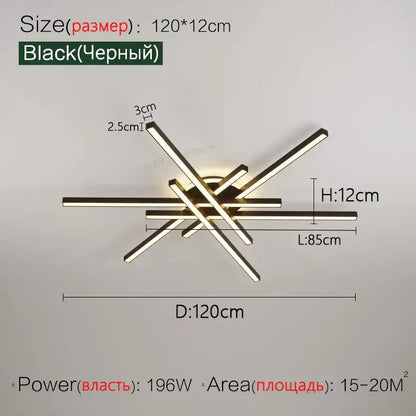 Modern black nordic led ceiling chandelier with intersecting rectangular bars and central hub for living room decorbites nordic led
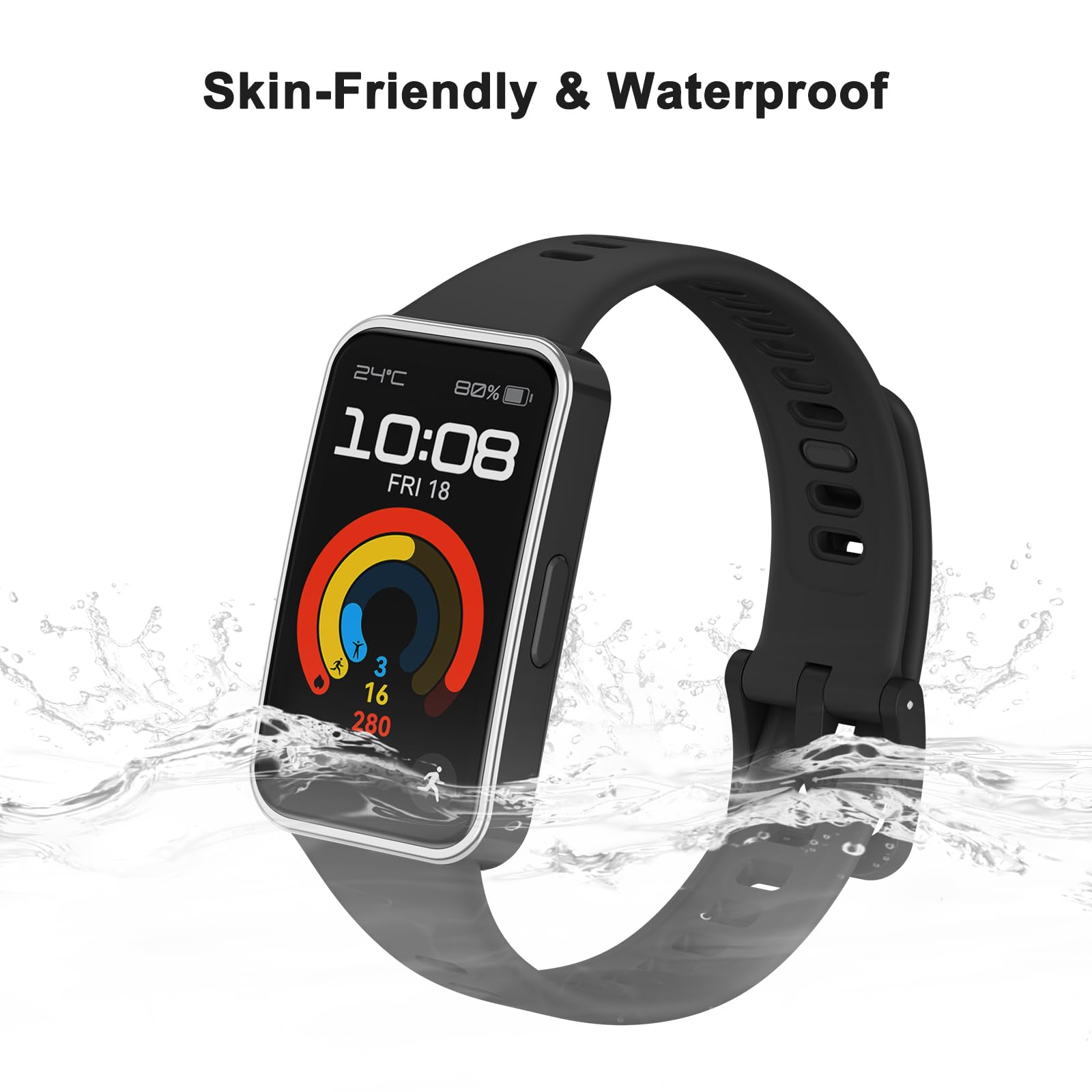 3er-Set Silikon-Armbänder Für Huawei Band 8/9 – Schwarz, Weinrot, Grau, Verstellbar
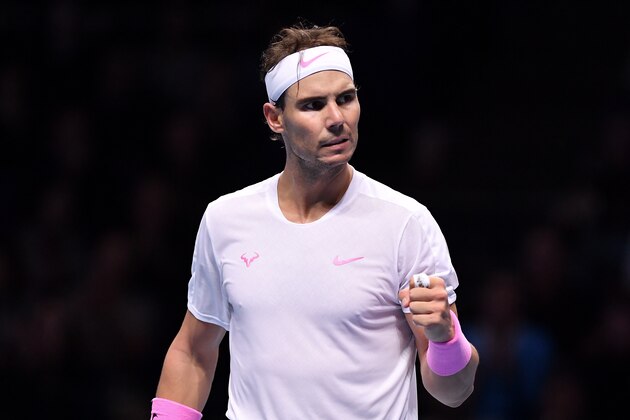 LONDON, ENGLAND - NOVEMBER 13: Rafael Nadal of Spain celebrates in his singles match against Daniil Medvedev of Russia during Day Four of the Nitto ATP World Tour Finals at The O2 Arena on November 13, 2019 in London, England. (Photo by Justin Setterfield/Getty Images)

The problem: Take the line containing "3er-Set Silikon-Armbänder Für" and all lines after it to the end of the data above, and reproduce them exactly, leaving out pictures. Nothing else belongs in the copy.

Exercise response:
 3er-Set Silikon-Armbänder Für Huawei Band 8/9 – Schwarz, Weinrot, Grau, Verstellbar
 LONDON, ENGLAND - NOVEMBER 13: Rafael Nadal of Spain celebrates in his singles match against Daniil Medvedev of Russia during Day Four of the Nitto ATP World Tour Finals at The O2 Arena on November 13, 2019 in London, England. (Photo by Justin Setterfield/Getty Images)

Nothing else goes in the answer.